Pictures stay out of the copy; set down each line of the listing below exactly.

Supplied information:
———
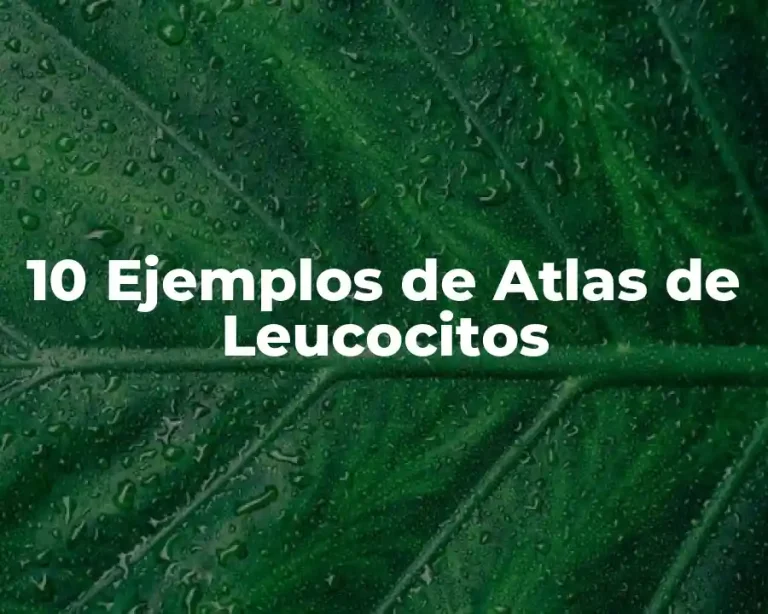 10 Ejemplos de Atlas de Leucocitos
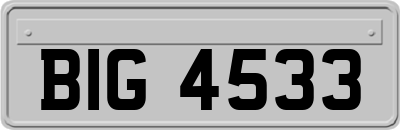 BIG4533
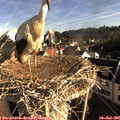 08_00-nest.jpg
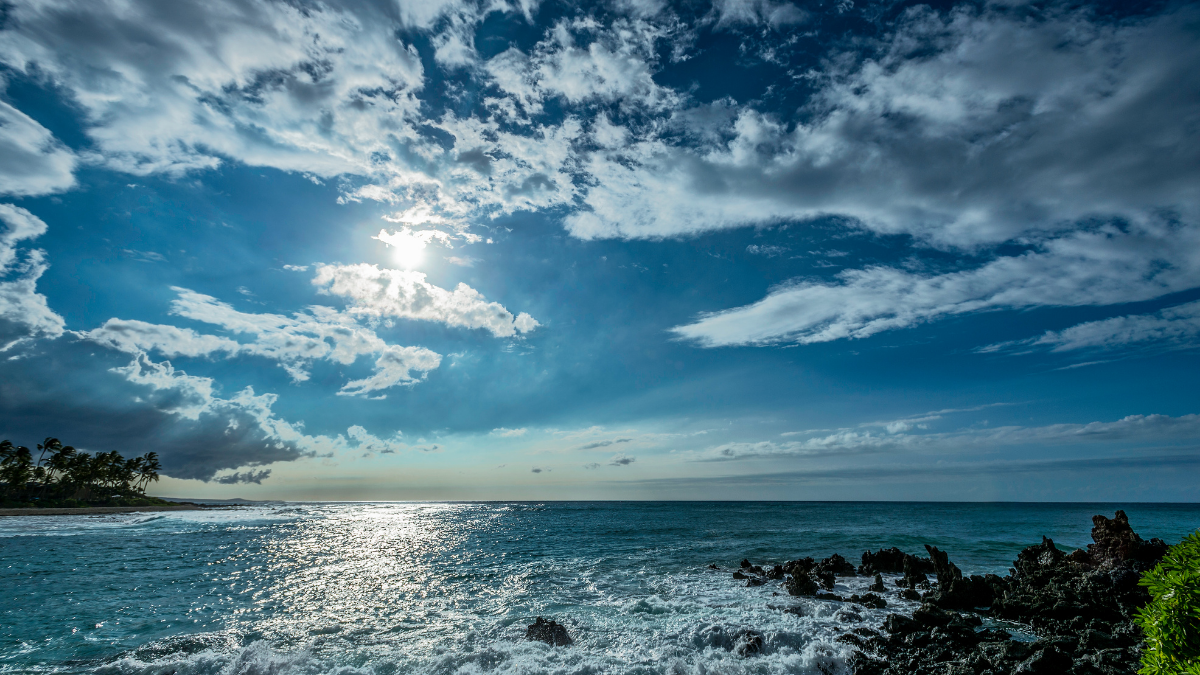 Sunlight on Water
———
Response to the task:
 10 Ejemplos de Atlas de Leucocitos
 BIG4533
 08_00-nest.jpg
 Sunlight on Water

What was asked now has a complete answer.